### EXERCISE INSTRUCTIONS
Give back the full listing, character for character, with no pictures.

== DATASET EXCERPT ==

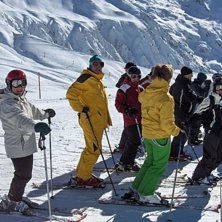 Familjebes&ouml;k i Le Tour. Foto: Adam Carlson. &Aring;kare: Familjen....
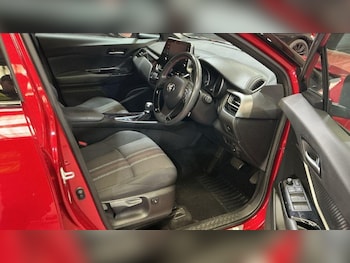 Used Toyota C-HR 2021 for sale - 75613979: Photo
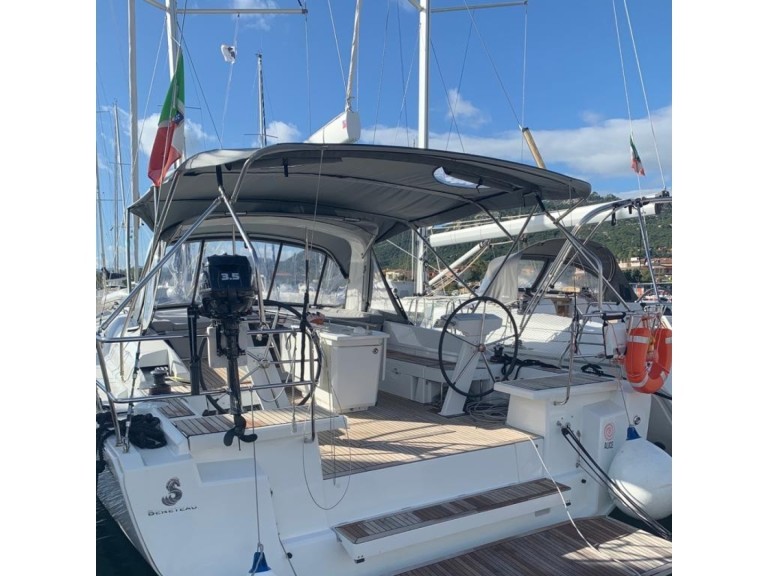 Sailboat for rent Cannigione at the best price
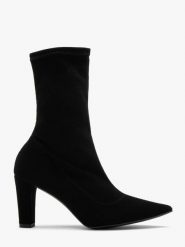 Czarne, elastyczne botki na grubej szpilce PHOEBE. Czarne botki damskie Ryłko, bez wzorów, z nubiku, bez obcasa, na obcasie, bez zapięcia. Za 379.99 zł.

===

### SOLUTION FOR THIS EXERCISE
 Familjebes&ouml;k i Le Tour. Foto: Adam Carlson. &Aring;kare: Familjen....
 Used Toyota C-HR 2021 for sale - 75613979: Photo
 Sailboat for rent Cannigione at the best price
 Czarne, elastyczne botki na grubej szpilce PHOEBE. Czarne botki damskie Ryłko, bez wzorów, z nubiku, bez obcasa, na obcasie, bez zapięcia. Za 379.99 zł.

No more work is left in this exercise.